How hot is the space? Consider that Contrail was founded just this year and its chief technology officer, Kareeti Kompella, had jumped there from Juniper itself just three months ago. Then consider that this follows Cisco's (NASDAQ:CSCO) purchase of Cariden just two weeks ago, and the purchase by VMware (NYSE:VMW) of Nicira just a few months ago.
So what is a software defined network? Put simply it moves network control from the switches themselves to software, to a single console. More important, it allows for the elimination of switches and their replacement by a switching fabric combining hardware and software. Thus it's sometimes called a "Cisco killer."
The key technology for all this is OpenFlow, a "forwarding instruction set" that enables remote control of networking equipment. All the purchased companies support OpenFlow, and Nicira is the company that brought it to market. OpenFlow components are open source under the Apache license , which allows for proprietary extensions.
It's for this reason that you need to be a little careful buying into networking stocks based on the OpenFlow hype. The benefits of open source tend to move toward customers over time, rather than vendors. For enterprises, educating engineers about OpenFlow, and getting them involved with the code base, is a far more cost-effective solution to networking automation than, say, buying a bunch of switches.
As support for OpenFlow becomes standardized across the networking space, then, I expect a lot of the benefits to flow more to companies that actually run networks, rather than the vendors. This is great for Google (NASDAQ:GOOG), great for Amazon (NASDAQ:AMZN), great for companies like Rackspace (NYSE:RAX) that are building open source clouds.
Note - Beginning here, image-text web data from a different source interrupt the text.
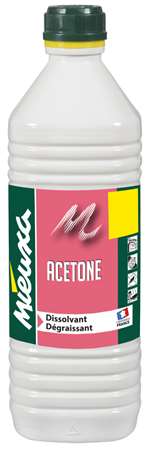 Image de ACETONE 1L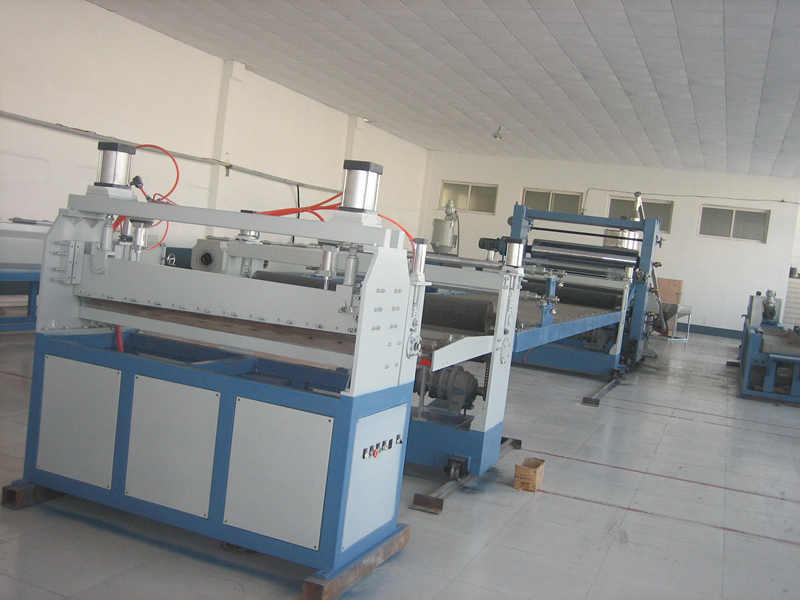 PVC Sheet Production Line Ay Paano Gumawa ng Sheet?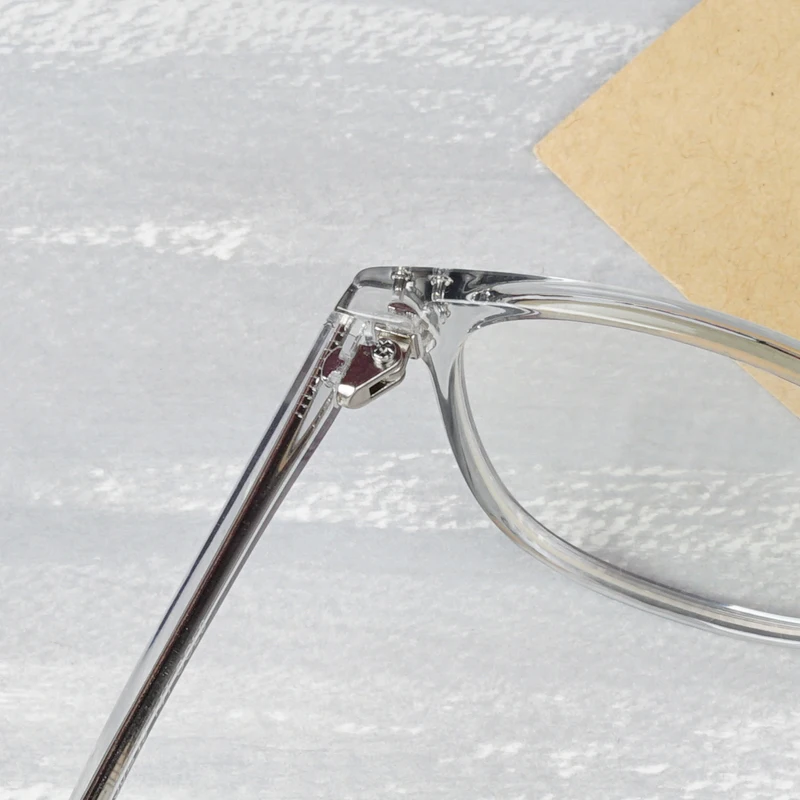 Toketorism Женские квадратные простые очки для красоты оптическая близорукость мужские оправы для очков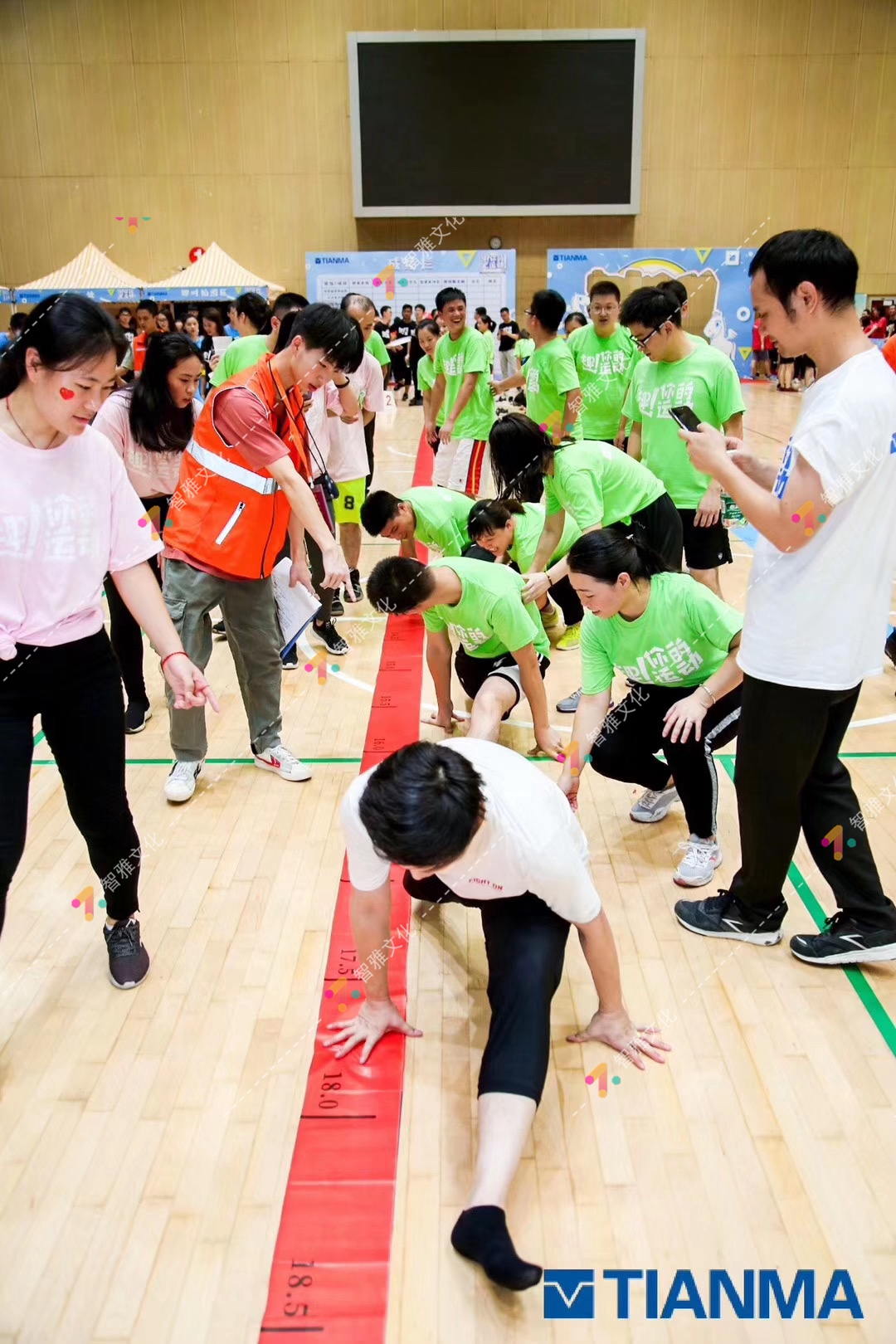 天马微电子股份有限公司 趣味运动会(图7)
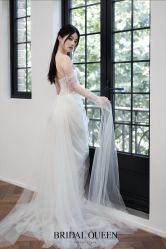 点击看大图 -Bridal Queen·婚纱女皇
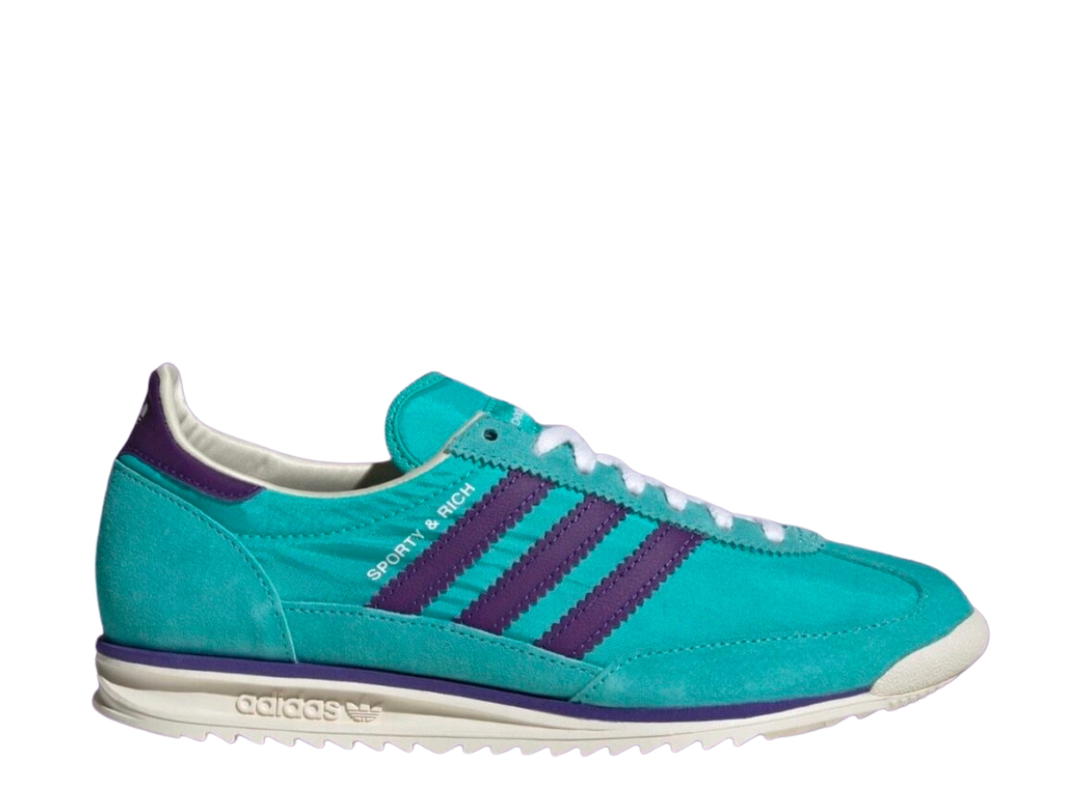 adidas adidas SL 72 OG Sporty & Rich Mint Rush (W)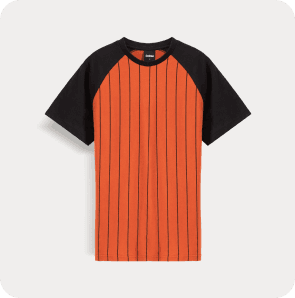 Polo with Tipping Details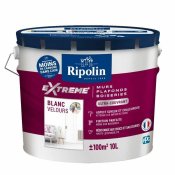 Grundfrg Ripolin Vit 10 L Matt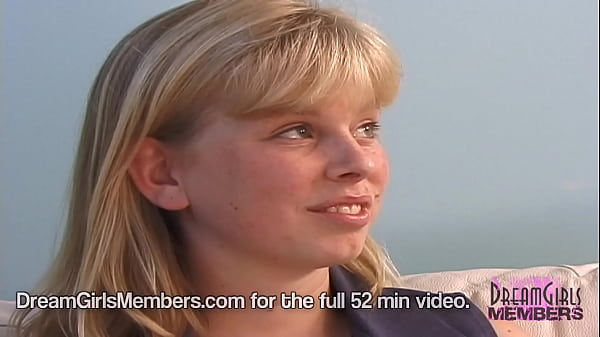 Enormous Tits On This Blonde Girl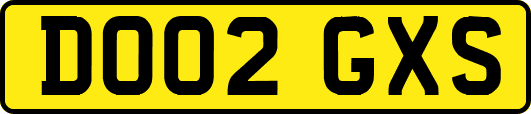 DO02GXS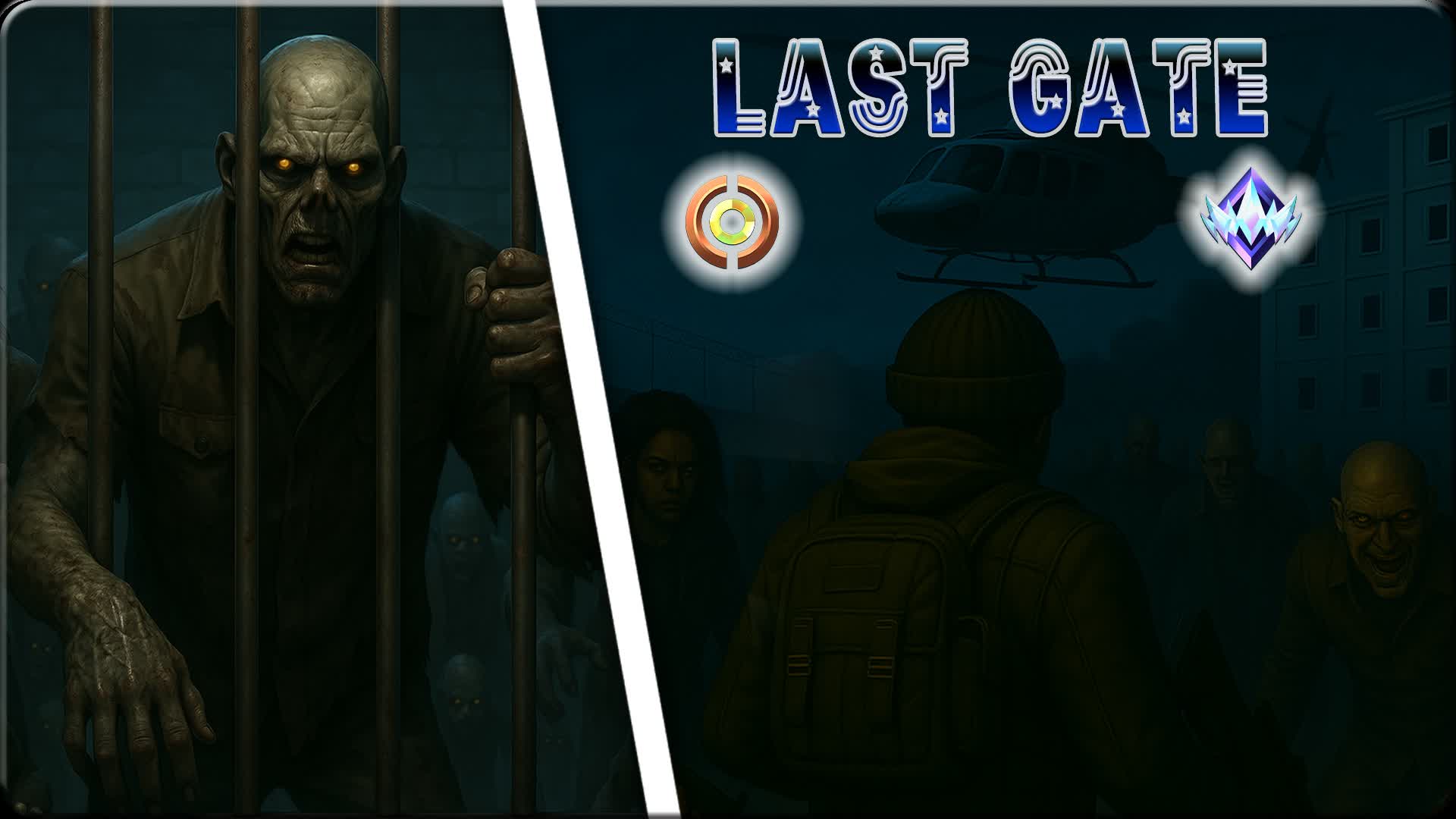 LAST GATE 🧟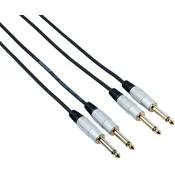 Bespeco RCW500 5 m Avdio kabel (Kot novo)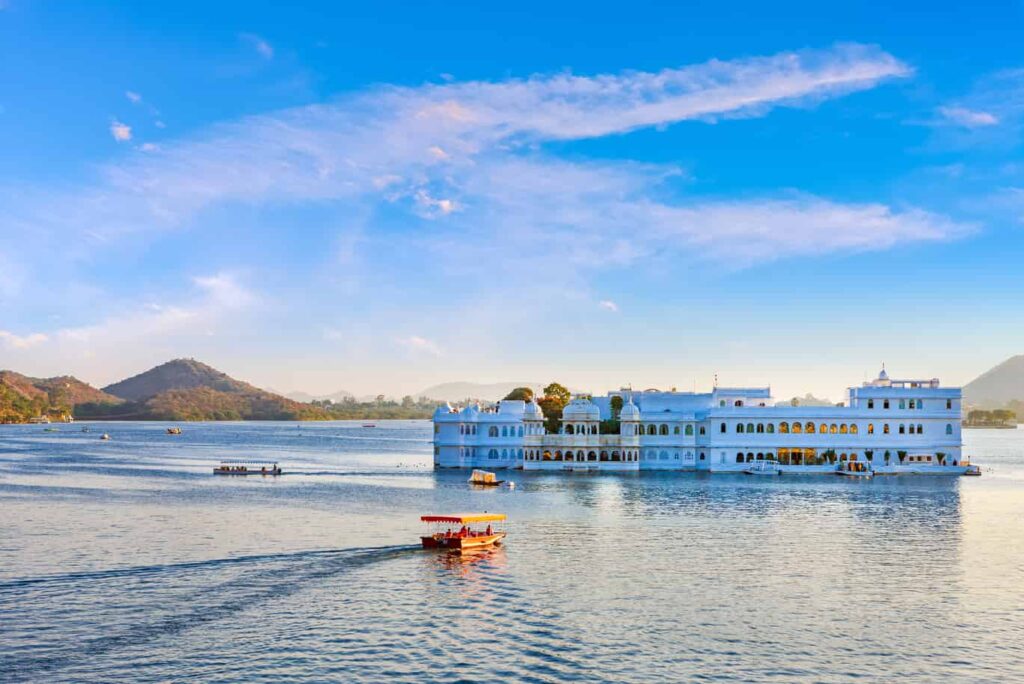 Udaipur Holiday tour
Over the next six months you might see some lift in JNPR, CSCO and VMW based on OpenFlow hype, and these transactions. But I don't expect a lasting lift. Over time networks are becoming software, just as storage is becoming software and data centers are becoming software in the form of clouds. If you're looking at a long-term time horizon, in other words, you may want to avoid these names, and if you are in them, look for yield rather than price appreciation.